● TASK GOAL: Omit all pictures, then repeat the listing exactly.

*** Opening of PROVIDED MATERIAL ***

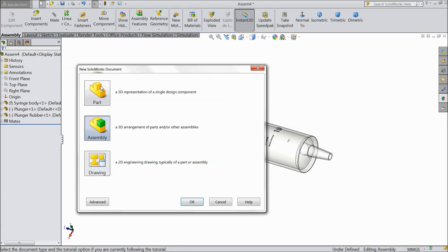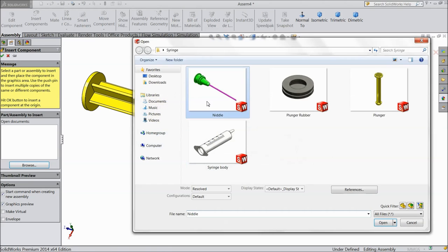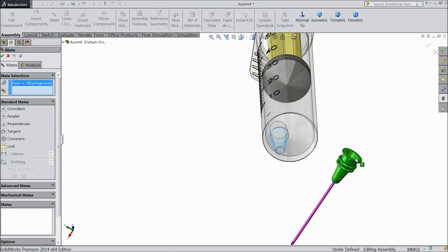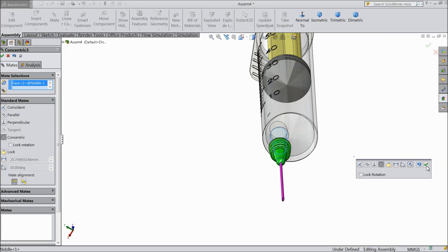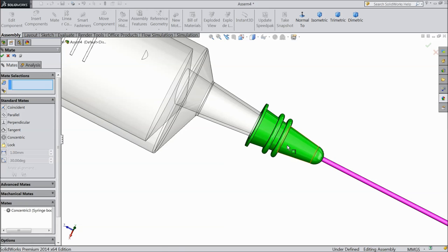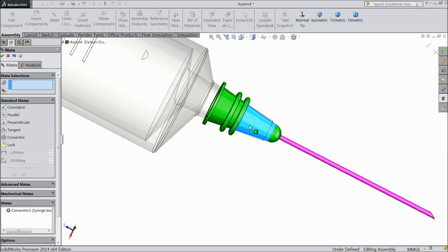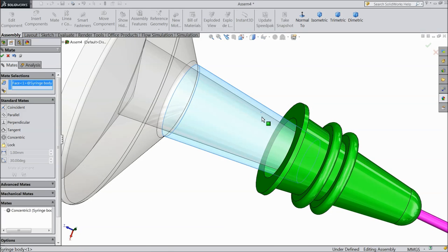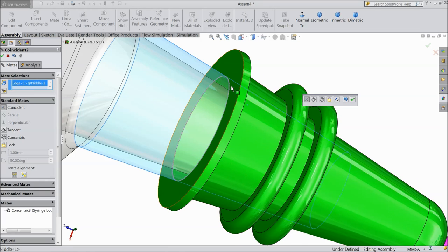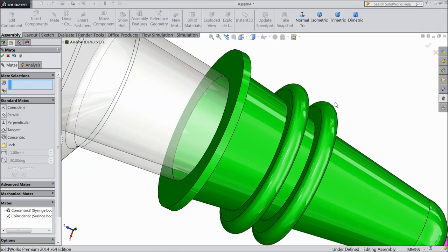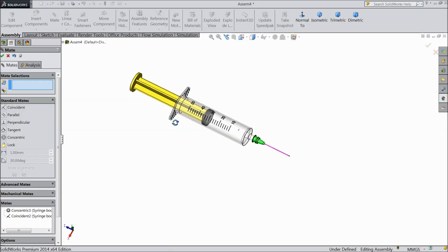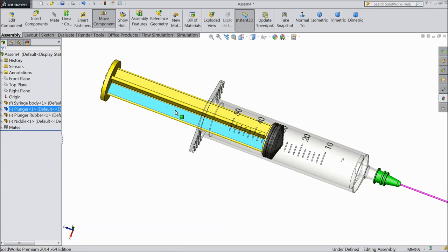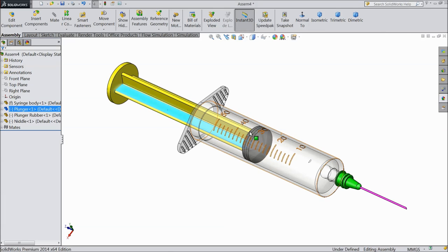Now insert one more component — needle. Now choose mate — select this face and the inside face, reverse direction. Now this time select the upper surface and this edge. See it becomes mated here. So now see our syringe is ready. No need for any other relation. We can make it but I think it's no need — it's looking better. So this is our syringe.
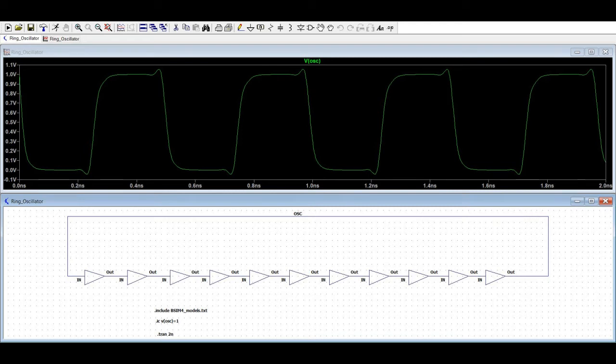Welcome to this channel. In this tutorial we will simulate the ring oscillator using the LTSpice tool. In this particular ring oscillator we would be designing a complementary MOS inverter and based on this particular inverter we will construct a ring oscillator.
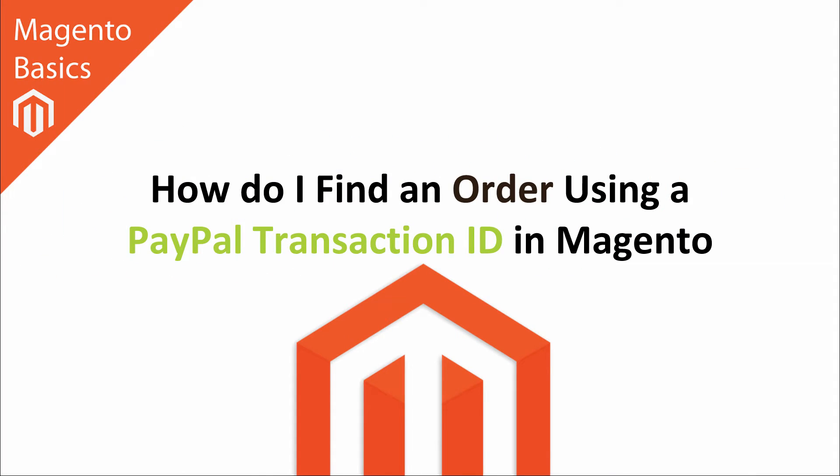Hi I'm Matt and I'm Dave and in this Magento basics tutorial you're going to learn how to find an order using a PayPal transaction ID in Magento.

*** Close of PROVIDED MATERIAL ***

● WRITTEN REPLY:
Now insert one more component — needle. Now choose mate — select this face and the inside face, reverse direction. Now this time select the upper surface and this edge. See it becomes mated here. So now see our syringe is ready. No need for any other relation. We can make it but I think it's no need — it's looking better. So this is our syringe.
Welcome to this channel. In this tutorial we will simulate the ring oscillator using the LTSpice tool. In this particular ring oscillator we would be designing a complementary MOS inverter and based on this particular inverter we will construct a ring oscillator.
Hi I'm Matt and I'm Dave and in this Magento basics tutorial you're going to learn how to find an order using a PayPal transaction ID in Magento.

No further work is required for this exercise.